## [WHAT YOU WILL DO]
Your response to the data below should hold nothing except the lines from the one containing "Snail vibe curve vibrator emoji" down to the one containing "Battery 2610mAh For", reproduced exactly and without pictures.

[[ THE INPUT, beginning ]]

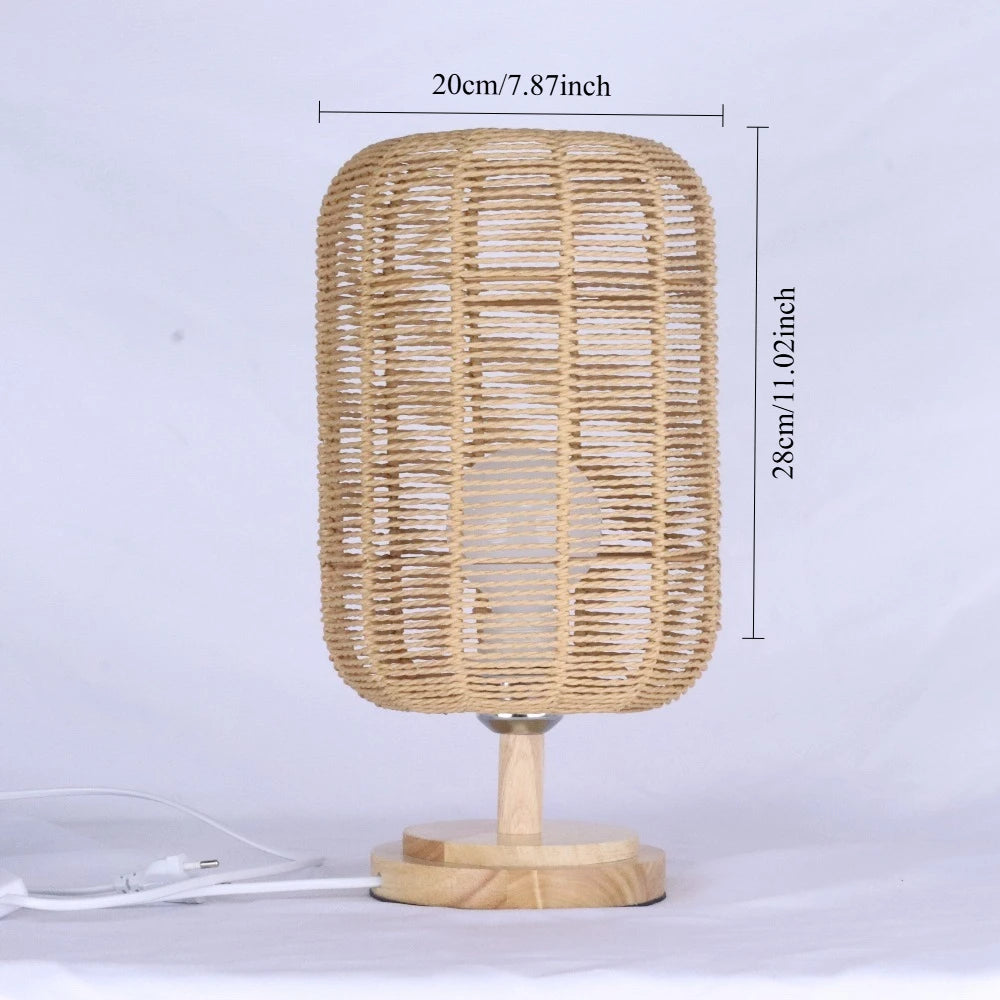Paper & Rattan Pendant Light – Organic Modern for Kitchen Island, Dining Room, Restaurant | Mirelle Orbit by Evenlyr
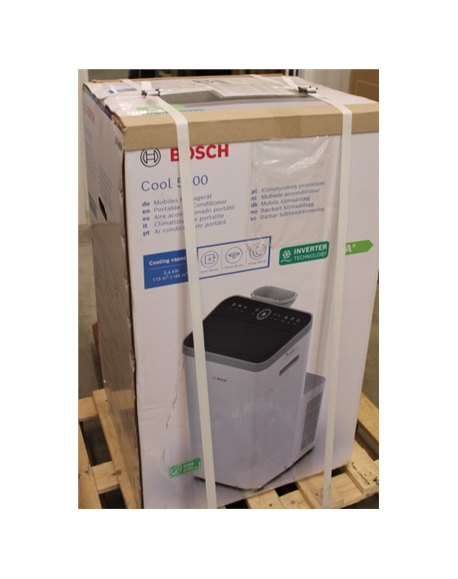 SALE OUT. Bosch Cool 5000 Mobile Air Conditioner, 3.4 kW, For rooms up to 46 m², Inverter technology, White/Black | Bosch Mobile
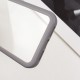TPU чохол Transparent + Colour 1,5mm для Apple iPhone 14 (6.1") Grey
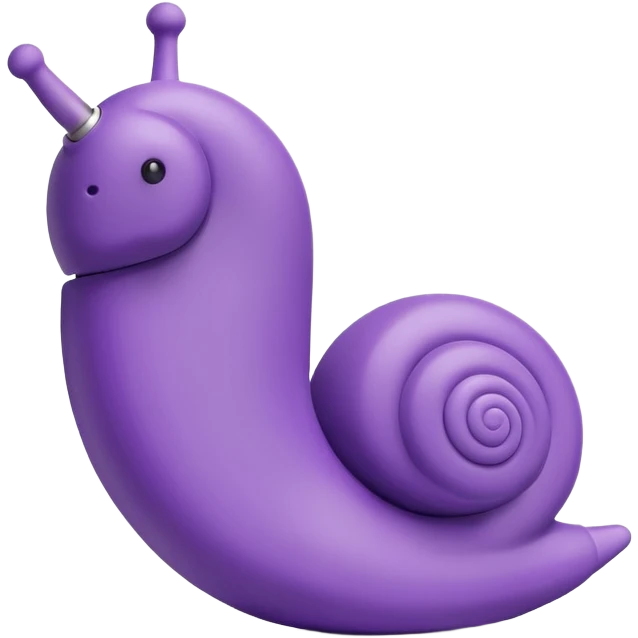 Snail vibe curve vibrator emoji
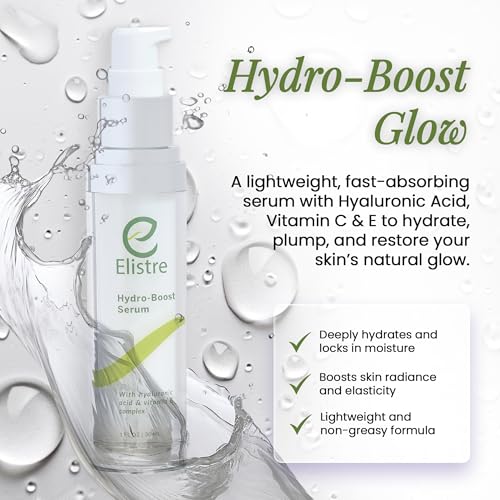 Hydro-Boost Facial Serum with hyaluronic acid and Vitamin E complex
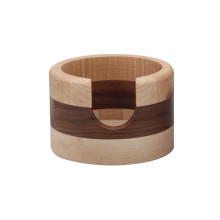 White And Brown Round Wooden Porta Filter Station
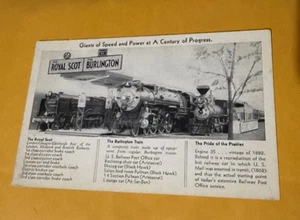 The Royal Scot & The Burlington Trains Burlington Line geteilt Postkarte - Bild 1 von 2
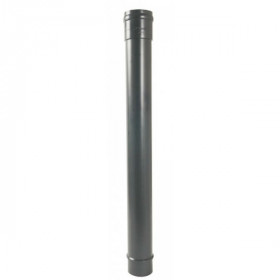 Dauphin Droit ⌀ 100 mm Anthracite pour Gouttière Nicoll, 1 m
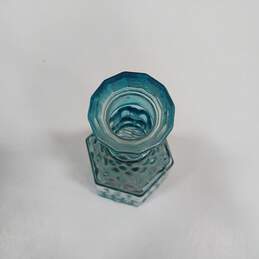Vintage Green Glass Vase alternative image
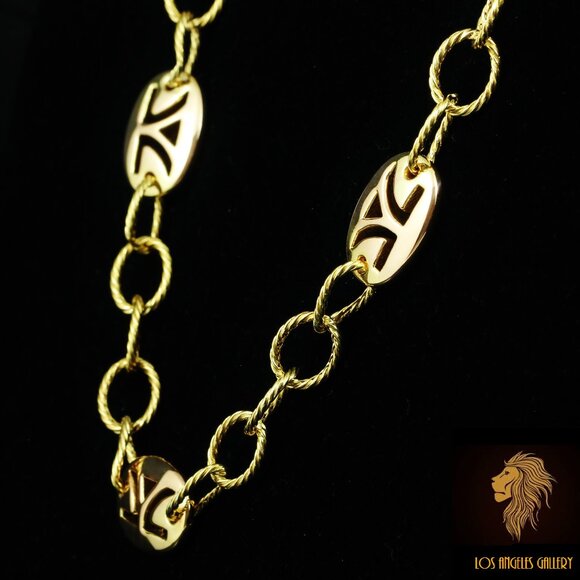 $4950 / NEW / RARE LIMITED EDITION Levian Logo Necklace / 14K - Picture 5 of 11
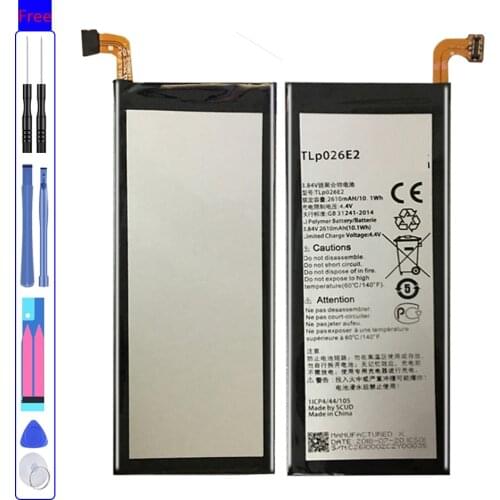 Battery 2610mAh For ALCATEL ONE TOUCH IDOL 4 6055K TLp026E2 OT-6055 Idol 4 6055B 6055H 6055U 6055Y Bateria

[[ THE INPUT, end ]]
[[ THE INPUT, beginning ]]

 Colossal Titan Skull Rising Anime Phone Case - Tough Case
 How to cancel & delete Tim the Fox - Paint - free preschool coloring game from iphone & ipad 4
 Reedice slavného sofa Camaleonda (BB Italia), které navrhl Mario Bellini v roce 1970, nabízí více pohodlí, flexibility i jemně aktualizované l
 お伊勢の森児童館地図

[[ THE INPUT, end ]]
[[ THE INPUT, beginning ]]

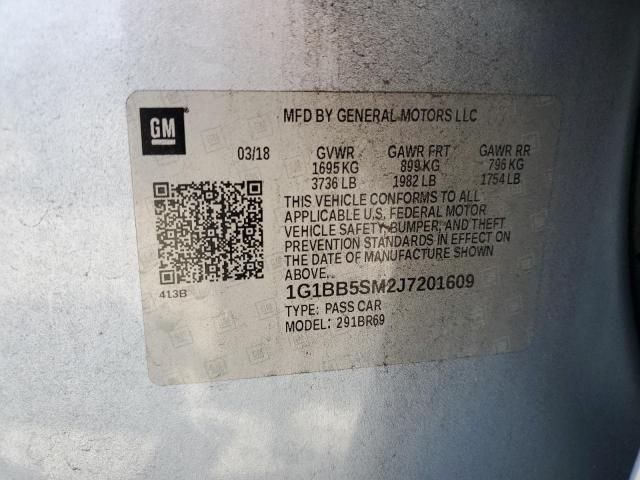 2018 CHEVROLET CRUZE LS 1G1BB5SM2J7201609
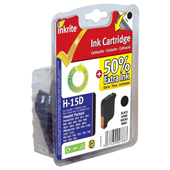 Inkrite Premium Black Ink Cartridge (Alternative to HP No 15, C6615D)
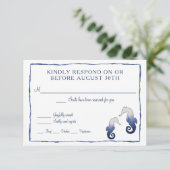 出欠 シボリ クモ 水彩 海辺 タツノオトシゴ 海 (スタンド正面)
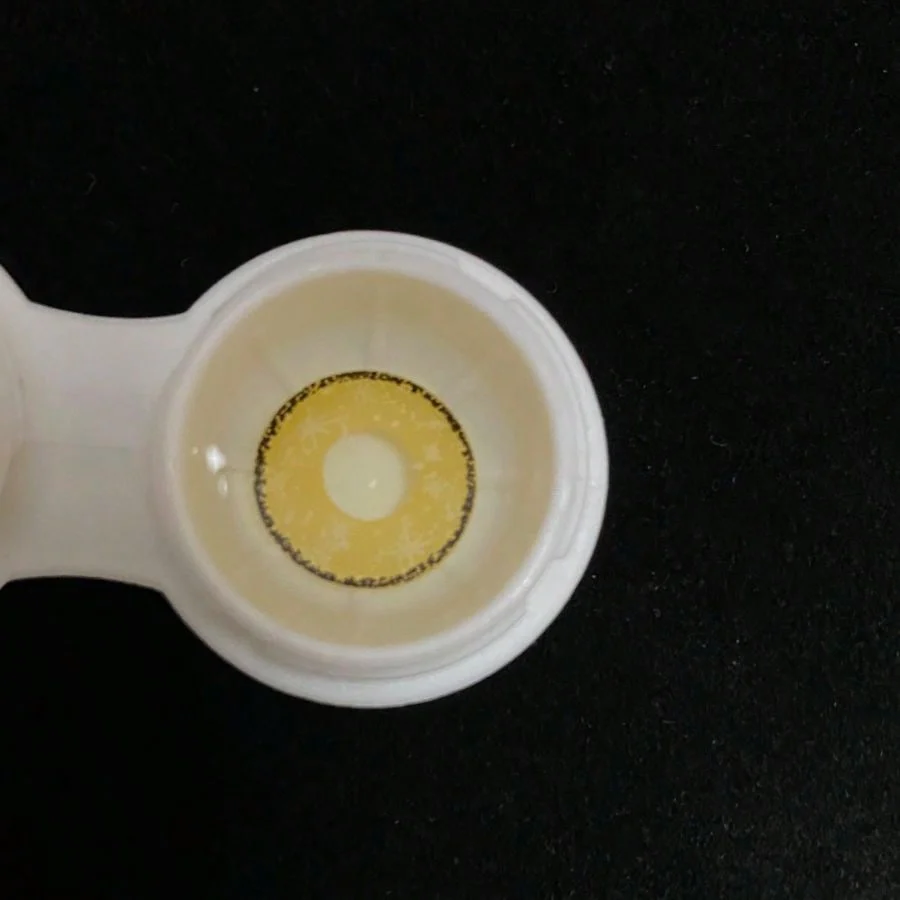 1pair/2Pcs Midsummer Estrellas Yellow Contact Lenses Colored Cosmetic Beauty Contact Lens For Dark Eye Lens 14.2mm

[[ THE INPUT, end ]]

## [ANSWER FOR THIS EXERCISE]
 Snail vibe curve vibrator emoji
 Hydro-Boost Facial Serum with hyaluronic acid and Vitamin E complex
 White And Brown Round Wooden Porta Filter Station
 The Royal Scot & The Burlington Trains Burlington Line geteilt Postkarte - Bild 1 von 2
 Dauphin Droit ⌀ 100 mm Anthracite pour Gouttière Nicoll, 1 m
Vintage Green Glass Vase alternative image
 $4950 / NEW / RARE LIMITED EDITION Levian Logo Necklace / 14K - Picture 5 of 11
 Battery 2610mAh For ALCATEL ONE TOUCH IDOL 4 6055K TLp026E2 OT-6055 Idol 4 6055B 6055H 6055U 6055Y Bateria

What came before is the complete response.